I was somewhat surprised to learn that Quora doesn’t frown on this use of the site, unless the answers aren’t useful or are purely promotional (in which case they’ll probably be downvoted anyway). “We encourage people to write their own questions, because they know better than anyone which questions they are best qualified to answer,” D’Angelo explains. “We don’t want you to write questions that are like, ‘Why is Calafia Café such an amazing restaurant?’ when you are the owner of Calafia. But we do want people to write, ‘What are the hours that Calafia is open?’ and then answer that.”

D’Angelo and Bodnick also like it when public figures go on Quora to make announcements or react to news stories. One recent case involved a dispute over an anecdote about Dell that Harvard Business School professor Clayton Christensen has reportedly used in his books and speeches about innovation.

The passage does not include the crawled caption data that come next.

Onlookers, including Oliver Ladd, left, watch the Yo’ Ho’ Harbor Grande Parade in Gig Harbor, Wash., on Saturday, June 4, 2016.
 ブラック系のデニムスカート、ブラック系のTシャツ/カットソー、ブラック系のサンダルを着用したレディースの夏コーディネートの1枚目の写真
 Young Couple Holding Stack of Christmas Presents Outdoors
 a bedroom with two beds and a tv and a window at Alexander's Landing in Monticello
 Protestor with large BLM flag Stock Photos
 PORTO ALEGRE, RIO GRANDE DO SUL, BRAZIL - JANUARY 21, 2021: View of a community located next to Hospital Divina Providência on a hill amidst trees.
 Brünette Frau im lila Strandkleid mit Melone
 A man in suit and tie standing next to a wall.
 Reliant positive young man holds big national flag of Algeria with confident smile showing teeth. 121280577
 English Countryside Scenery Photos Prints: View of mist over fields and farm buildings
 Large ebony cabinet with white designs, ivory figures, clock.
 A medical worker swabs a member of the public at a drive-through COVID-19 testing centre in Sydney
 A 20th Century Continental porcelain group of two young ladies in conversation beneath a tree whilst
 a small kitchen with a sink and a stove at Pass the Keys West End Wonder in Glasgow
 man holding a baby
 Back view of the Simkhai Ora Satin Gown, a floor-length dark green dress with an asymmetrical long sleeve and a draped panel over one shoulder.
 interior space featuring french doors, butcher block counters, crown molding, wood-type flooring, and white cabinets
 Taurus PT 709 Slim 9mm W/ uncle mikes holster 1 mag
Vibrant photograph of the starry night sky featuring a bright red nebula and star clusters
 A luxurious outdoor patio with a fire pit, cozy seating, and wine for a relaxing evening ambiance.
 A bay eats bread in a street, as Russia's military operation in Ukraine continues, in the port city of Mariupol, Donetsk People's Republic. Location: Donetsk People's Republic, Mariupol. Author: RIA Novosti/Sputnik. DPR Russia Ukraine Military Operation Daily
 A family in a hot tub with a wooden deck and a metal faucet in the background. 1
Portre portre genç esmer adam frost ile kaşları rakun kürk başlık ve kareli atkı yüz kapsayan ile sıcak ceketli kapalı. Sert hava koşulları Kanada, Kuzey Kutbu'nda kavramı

According to a Forbes magazine article, Christensen argued to an audience at a 2011 Gartner event that Dell had spun off too much of its hardware design work to Taiwanese manufacturer Asus, eventually allowing Asus to overtake Dell with better, cheaper computers of its own. One user went on Quora this May to ask whether that version of the story was true. The question elicited an answer from no less a personage than Michael Dell. “This may make for a good story but it’s not accurate at all,” Dell wrote.

“Sometimes if you want to make a public statement about something, or set the record straight about something, it’s easier to just write a short answer to a question on Quora than to issue a press release or publish a blog post,” D’Angelo says. “It’s a pretty effective communications channel for some companies.”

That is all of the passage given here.